### [INSTRUCTIONS FOR THE TASK]
When you copy the entries, keep every word exactly as it is and drop the images.

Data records
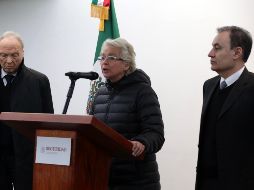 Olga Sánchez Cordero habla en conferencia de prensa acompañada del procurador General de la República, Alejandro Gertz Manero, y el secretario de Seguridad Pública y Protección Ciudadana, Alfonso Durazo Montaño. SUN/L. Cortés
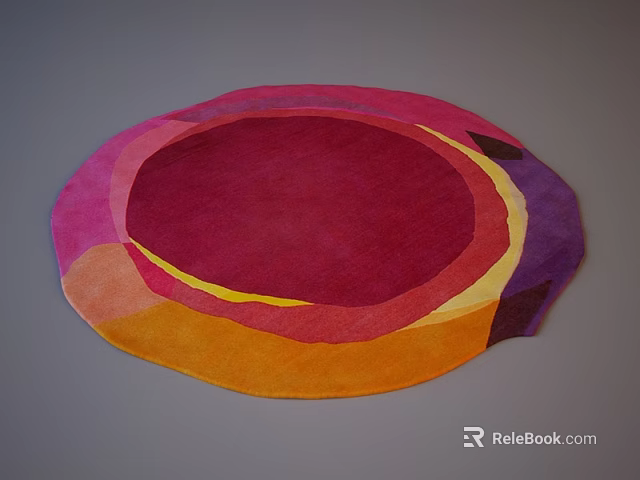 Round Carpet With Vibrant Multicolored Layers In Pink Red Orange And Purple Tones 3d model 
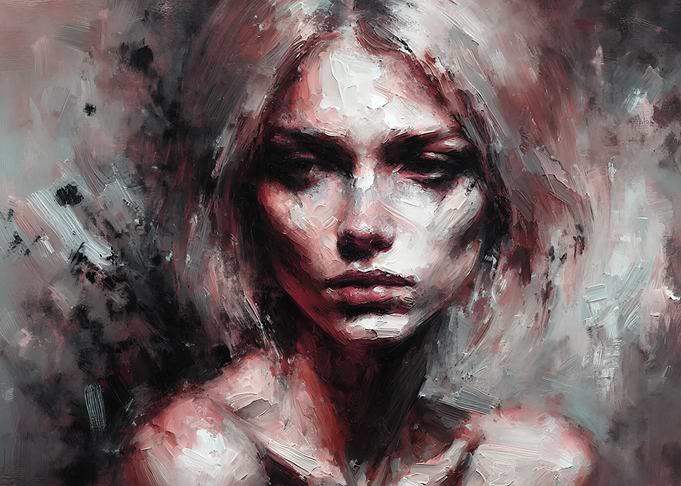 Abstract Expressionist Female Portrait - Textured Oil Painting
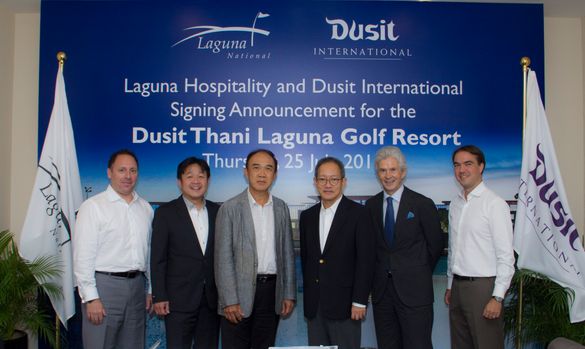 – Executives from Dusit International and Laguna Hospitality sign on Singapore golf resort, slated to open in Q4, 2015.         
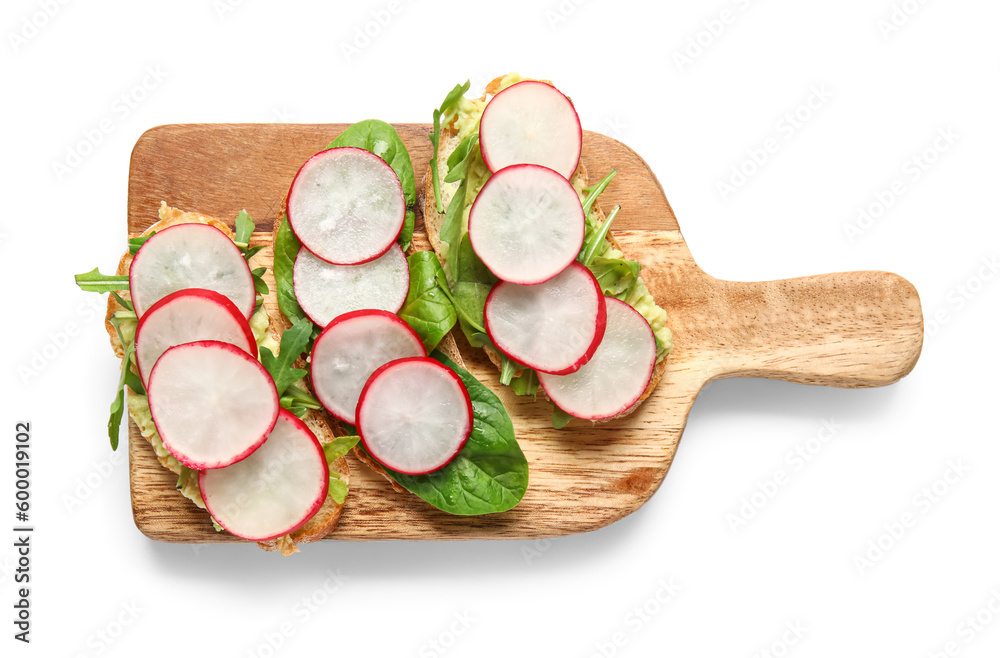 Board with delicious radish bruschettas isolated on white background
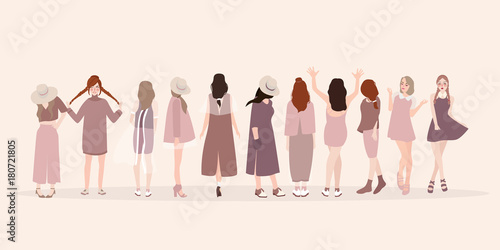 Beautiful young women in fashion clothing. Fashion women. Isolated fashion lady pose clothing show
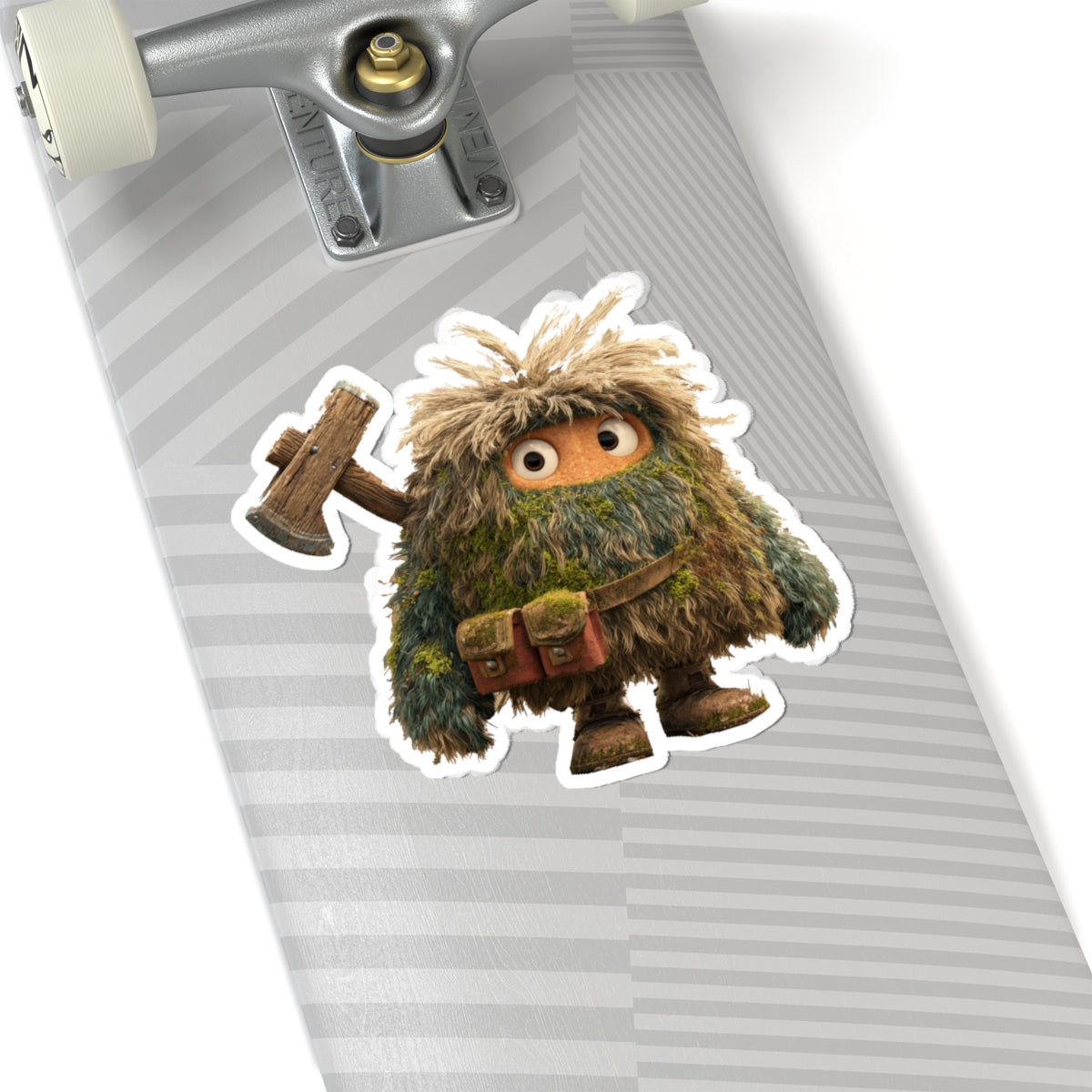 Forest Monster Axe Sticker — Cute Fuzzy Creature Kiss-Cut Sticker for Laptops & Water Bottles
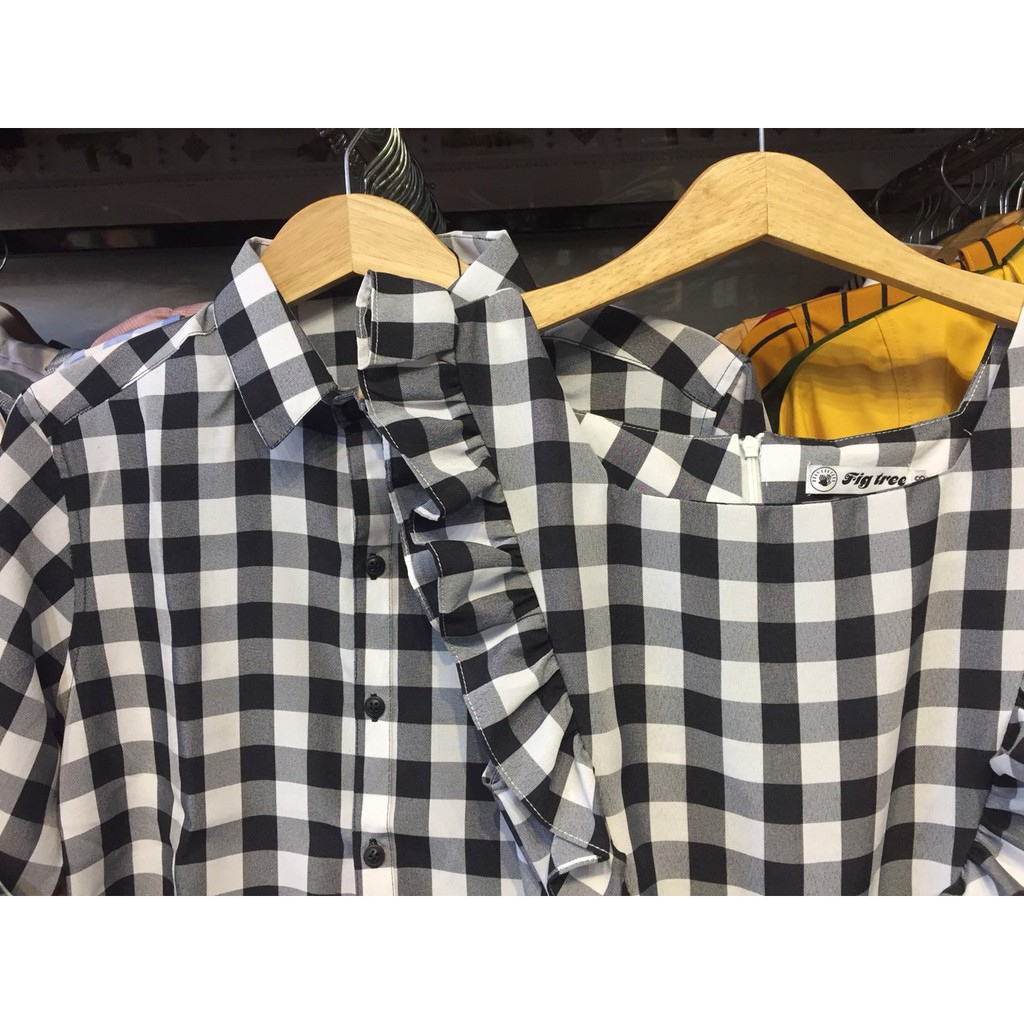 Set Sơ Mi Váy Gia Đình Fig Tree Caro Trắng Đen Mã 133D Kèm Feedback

### [PROBLEM SOLUTION]
 Olga Sánchez Cordero habla en conferencia de prensa acompañada del procurador General de la República, Alejandro Gertz Manero, y el secretario de Seguridad Pública y Protección Ciudadana, Alfonso Durazo Montaño. SUN/L. Cortés
 Round Carpet With Vibrant Multicolored Layers In Pink Red Orange And Purple Tones 3d model 
 Abstract Expressionist Female Portrait - Textured Oil Painting
 – Executives from Dusit International and Laguna Hospitality sign on Singapore golf resort, slated to open in Q4, 2015.         
 Board with delicious radish bruschettas isolated on white background
 Beautiful young women in fashion clothing. Fashion women. Isolated fashion lady pose clothing show
 Forest Monster Axe Sticker — Cute Fuzzy Creature Kiss-Cut Sticker for Laptops & Water Bottles
 Set Sơ Mi Váy Gia Đình Fig Tree Caro Trắng Đen Mã 133D Kèm Feedback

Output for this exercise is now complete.